### Task instructions:
Copy, exactly and without additions, every line in the records below from the one holding "Jasmine And Aladdin" through the one holding "postcard airmail Zeppelin", both ends included.

━━━━━━━━━━━━━━━━

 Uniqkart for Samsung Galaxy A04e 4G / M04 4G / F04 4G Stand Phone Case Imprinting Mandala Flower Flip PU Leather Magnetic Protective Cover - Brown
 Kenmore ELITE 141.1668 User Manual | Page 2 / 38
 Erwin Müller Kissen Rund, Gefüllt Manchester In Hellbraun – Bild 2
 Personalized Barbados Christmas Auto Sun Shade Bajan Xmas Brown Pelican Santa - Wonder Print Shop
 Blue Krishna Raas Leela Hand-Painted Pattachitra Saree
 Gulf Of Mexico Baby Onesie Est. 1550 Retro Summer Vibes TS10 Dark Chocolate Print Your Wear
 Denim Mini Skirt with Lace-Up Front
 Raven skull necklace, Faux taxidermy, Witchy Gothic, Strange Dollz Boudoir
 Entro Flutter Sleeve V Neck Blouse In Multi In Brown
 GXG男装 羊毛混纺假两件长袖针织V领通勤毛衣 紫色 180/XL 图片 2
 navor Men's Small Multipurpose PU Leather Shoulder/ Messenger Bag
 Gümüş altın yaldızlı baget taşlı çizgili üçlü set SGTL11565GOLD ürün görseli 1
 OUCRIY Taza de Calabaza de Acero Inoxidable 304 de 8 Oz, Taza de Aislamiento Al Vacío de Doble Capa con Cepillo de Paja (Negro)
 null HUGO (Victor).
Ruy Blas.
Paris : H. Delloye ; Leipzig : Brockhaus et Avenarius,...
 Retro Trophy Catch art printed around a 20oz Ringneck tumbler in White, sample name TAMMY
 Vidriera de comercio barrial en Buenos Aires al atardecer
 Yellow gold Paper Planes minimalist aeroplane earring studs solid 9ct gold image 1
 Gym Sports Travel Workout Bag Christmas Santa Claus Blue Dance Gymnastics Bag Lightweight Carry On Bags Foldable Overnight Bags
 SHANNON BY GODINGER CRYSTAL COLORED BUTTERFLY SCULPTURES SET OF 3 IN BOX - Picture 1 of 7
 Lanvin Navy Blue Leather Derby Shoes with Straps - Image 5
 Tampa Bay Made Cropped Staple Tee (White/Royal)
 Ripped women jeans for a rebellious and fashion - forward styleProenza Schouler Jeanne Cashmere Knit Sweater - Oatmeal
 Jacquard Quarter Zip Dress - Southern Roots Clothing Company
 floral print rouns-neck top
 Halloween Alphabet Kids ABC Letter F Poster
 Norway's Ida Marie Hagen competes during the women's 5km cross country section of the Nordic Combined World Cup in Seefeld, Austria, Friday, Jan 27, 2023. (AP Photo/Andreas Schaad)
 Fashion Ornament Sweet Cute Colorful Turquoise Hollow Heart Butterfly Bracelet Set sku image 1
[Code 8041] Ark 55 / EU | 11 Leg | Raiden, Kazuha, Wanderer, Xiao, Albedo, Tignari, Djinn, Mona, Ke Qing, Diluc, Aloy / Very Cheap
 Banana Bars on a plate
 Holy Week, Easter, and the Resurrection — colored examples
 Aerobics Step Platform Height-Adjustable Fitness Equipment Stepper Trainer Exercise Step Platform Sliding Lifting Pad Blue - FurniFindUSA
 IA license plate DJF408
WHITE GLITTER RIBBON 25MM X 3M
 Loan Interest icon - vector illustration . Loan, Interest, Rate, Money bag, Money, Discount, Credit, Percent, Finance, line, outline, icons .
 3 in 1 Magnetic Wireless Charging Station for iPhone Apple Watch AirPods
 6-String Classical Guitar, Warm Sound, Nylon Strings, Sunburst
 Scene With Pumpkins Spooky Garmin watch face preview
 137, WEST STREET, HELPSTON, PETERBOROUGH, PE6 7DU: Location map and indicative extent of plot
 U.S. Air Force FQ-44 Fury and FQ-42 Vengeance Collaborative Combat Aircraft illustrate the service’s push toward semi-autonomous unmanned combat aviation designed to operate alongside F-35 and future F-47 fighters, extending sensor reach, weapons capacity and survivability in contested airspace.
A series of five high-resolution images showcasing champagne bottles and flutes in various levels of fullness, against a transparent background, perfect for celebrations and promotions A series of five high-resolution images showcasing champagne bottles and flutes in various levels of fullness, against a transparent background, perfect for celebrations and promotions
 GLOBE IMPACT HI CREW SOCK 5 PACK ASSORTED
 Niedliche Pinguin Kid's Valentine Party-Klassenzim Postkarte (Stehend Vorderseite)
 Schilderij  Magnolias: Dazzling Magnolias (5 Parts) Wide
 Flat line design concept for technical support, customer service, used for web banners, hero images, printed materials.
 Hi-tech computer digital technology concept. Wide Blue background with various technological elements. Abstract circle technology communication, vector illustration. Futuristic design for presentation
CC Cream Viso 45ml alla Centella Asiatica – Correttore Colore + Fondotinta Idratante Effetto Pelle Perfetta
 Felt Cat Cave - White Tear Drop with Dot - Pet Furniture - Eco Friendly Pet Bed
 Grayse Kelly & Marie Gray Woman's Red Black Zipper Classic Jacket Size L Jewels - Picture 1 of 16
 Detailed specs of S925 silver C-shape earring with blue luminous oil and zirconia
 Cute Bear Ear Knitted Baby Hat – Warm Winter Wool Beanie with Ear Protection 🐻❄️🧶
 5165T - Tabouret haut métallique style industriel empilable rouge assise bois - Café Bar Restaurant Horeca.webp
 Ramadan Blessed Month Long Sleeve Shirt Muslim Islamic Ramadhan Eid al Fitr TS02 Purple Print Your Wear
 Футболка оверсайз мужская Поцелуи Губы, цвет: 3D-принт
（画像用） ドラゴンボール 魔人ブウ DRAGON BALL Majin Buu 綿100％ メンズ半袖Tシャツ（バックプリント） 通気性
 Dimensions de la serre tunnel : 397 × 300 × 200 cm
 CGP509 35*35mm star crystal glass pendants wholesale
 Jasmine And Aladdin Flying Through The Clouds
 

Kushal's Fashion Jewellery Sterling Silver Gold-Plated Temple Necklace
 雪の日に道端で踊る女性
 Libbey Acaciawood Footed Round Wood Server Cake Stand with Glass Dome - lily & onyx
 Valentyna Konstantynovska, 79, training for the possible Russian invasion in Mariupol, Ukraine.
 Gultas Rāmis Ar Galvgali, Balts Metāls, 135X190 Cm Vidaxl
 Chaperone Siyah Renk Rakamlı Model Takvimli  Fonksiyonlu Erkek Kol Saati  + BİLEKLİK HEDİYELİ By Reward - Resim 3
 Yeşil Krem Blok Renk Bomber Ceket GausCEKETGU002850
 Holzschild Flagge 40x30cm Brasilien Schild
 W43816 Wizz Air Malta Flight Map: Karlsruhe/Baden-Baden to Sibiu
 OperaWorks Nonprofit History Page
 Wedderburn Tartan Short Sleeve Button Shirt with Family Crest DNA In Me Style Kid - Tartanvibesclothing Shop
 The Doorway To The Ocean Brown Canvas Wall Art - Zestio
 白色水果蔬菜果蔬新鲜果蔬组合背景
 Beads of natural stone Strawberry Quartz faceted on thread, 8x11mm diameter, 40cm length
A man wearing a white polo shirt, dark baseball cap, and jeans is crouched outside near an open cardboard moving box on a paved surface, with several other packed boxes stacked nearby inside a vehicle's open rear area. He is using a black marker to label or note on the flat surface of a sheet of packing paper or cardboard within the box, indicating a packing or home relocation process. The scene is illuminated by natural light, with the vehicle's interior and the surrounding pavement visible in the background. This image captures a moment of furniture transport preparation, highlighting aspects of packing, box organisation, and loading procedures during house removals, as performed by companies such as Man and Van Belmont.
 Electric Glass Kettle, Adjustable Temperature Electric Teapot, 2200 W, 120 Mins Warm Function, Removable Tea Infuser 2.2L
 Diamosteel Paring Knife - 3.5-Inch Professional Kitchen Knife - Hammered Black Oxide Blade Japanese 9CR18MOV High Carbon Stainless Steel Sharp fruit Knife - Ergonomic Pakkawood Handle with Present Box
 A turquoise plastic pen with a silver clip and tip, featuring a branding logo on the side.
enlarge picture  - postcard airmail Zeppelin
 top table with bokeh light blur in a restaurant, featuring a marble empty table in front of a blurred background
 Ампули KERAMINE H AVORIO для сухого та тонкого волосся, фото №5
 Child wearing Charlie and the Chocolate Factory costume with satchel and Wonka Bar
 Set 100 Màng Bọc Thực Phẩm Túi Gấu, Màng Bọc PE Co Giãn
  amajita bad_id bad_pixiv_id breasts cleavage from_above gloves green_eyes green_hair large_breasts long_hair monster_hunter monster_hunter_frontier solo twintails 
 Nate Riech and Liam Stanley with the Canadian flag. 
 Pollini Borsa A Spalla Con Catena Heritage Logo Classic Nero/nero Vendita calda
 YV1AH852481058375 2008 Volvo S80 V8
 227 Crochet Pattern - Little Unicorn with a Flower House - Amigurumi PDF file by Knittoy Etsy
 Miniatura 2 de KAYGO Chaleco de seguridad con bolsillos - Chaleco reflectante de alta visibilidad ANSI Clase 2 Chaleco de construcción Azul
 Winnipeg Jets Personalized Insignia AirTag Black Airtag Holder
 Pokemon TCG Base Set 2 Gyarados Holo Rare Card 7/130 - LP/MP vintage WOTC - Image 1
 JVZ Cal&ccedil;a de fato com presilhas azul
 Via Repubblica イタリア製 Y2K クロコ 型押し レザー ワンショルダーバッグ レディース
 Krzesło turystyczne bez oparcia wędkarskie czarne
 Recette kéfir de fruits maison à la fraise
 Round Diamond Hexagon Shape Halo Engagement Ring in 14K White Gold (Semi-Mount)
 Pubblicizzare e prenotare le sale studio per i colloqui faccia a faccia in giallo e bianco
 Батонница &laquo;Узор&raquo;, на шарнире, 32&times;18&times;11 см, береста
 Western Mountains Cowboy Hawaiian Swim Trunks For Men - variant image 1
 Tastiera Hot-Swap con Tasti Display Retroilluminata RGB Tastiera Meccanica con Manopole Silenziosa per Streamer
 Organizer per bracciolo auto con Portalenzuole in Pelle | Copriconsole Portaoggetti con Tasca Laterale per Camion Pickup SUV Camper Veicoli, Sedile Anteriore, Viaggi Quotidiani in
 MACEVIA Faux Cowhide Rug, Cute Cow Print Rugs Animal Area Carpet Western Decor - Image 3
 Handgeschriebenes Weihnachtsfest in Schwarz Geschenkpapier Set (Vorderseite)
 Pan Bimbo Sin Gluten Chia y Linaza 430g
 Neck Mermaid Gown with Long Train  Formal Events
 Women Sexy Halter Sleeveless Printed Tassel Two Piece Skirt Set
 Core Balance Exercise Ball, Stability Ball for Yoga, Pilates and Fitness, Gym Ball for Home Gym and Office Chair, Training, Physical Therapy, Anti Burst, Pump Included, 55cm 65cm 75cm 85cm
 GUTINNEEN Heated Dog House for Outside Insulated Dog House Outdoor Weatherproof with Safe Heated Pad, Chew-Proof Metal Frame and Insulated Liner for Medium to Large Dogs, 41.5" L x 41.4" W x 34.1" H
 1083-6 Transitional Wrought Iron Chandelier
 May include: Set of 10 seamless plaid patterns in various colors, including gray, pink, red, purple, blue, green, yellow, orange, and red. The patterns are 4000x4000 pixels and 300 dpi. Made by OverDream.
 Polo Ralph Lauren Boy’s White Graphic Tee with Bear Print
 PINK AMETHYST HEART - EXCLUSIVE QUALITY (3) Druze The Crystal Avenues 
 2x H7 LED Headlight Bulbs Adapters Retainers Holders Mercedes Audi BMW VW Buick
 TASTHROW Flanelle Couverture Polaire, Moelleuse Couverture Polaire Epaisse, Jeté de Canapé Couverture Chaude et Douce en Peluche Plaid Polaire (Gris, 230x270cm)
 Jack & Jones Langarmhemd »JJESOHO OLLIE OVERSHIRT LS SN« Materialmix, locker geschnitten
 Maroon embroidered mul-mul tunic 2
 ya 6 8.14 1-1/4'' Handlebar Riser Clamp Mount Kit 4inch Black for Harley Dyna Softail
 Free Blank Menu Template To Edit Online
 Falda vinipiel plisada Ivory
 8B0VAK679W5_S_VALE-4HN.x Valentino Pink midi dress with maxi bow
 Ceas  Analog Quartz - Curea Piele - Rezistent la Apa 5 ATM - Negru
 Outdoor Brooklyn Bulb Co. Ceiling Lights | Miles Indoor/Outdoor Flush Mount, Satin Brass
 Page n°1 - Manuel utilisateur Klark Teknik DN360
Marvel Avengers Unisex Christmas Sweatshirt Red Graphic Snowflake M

━━━━━━━━━━━━━━━━

### Reply:
 Jasmine And Aladdin Flying Through The Clouds
 

Kushal's Fashion Jewellery Sterling Silver Gold-Plated Temple Necklace
 雪の日に道端で踊る女性
 Libbey Acaciawood Footed Round Wood Server Cake Stand with Glass Dome - lily & onyx
 Valentyna Konstantynovska, 79, training for the possible Russian invasion in Mariupol, Ukraine.
 Gultas Rāmis Ar Galvgali, Balts Metāls, 135X190 Cm Vidaxl
 Chaperone Siyah Renk Rakamlı Model Takvimli  Fonksiyonlu Erkek Kol Saati  + BİLEKLİK HEDİYELİ By Reward - Resim 3
 Yeşil Krem Blok Renk Bomber Ceket GausCEKETGU002850
 Holzschild Flagge 40x30cm Brasilien Schild
 W43816 Wizz Air Malta Flight Map: Karlsruhe/Baden-Baden to Sibiu
 OperaWorks Nonprofit History Page
 Wedderburn Tartan Short Sleeve Button Shirt with Family Crest DNA In Me Style Kid - Tartanvibesclothing Shop
 The Doorway To The Ocean Brown Canvas Wall Art - Zestio
 白色水果蔬菜果蔬新鲜果蔬组合背景
 Beads of natural stone Strawberry Quartz faceted on thread, 8x11mm diameter, 40cm length
A man wearing a white polo shirt, dark baseball cap, and jeans is crouched outside near an open cardboard moving box on a paved surface, with several other packed boxes stacked nearby inside a vehicle's open rear area. He is using a black marker to label or note on the flat surface of a sheet of packing paper or cardboard within the box, indicating a packing or home relocation process. The scene is illuminated by natural light, with the vehicle's interior and the surrounding pavement visible in the background. This image captures a moment of furniture transport preparation, highlighting aspects of packing, box organisation, and loading procedures during house removals, as performed by companies such as Man and Van Belmont.
 Electric Glass Kettle, Adjustable Temperature Electric Teapot, 2200 W, 120 Mins Warm Function, Removable Tea Infuser 2.2L
 Diamosteel Paring Knife - 3.5-Inch Professional Kitchen Knife - Hammered Black Oxide Blade Japanese 9CR18MOV High Carbon Stainless Steel Sharp fruit Knife - Ergonomic Pakkawood Handle with Present Box
 A turquoise plastic pen with a silver clip and tip, featuring a branding logo on the side.
enlarge picture  - postcard airmail Zeppelin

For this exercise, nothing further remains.